Juggernut ise Single player modunda da deneyimleyebileceğiniz şekilde oldukça sağlam bir zırh oluyor. Bu zırhın içindeyken RPGlere bile dayanabilecek kadar sağlam duruyorsunuz fakat hareketleriniz oldukça yavaşlıyor. Öldürülmeniz çok zor olsa da, bir kez öldüğünüzde zırhı da kaybediyorsunuz. Zırhı almak için ne mi yapmalısınız? MW2'de olduğu gibi Kill Streaklerinizi düzenlemeli ve ölmeden önce yeterli sayıda kişi vurmalısınız. Multiplayer'dan daha fazla bahsetmek istemiyorum fakat şunu da ekleyeyim son olarak; dedicated sunucu seçeneğinin yeniden açılmış olması insanları oldukça heyecanlandırmış olsa da, ben bunu sadece popülerliğin düşmemesi için yapılmış bir durum kurtarma operasyonu olarak yorumladım. Nerede o eski COD 4 sabahları, aaaaah ah!

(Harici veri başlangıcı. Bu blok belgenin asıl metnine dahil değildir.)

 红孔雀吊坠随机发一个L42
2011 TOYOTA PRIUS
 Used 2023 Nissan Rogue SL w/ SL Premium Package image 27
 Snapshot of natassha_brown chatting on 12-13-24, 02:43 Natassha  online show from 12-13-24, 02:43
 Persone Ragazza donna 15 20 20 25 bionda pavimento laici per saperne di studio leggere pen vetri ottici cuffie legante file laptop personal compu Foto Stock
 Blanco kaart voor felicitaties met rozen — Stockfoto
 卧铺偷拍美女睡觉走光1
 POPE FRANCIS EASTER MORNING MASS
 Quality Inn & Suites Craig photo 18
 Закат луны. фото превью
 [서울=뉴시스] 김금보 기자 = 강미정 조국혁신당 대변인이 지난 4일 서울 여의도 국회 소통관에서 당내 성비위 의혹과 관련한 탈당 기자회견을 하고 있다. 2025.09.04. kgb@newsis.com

Genel olarak konuşmak gerekirse; COD MW3 isminin hakkını veren bir oyun değil. Geliştirilmemiş grafikler, öncekilerin aynısı oyun modları, sadece hikaye üzerine kurulmuş zevksiz singleplayer, berbat yapay zeka ve tüm bunlara rağmen havalarda uçan oyun puanları oyunun kötü yönlerini oluştururken; eski oyunlara yapılan göndermeler, üçüncü dünya savaşının içinde bulunabilmek, dünyayı kurtarma hissi, multiplayer modundaki küçük yenilikler ve Price'in hatırı oyunun artılarını oluşturuyor.
Belki de COD'un artık bitme vakti gelmiştir, kim bilir?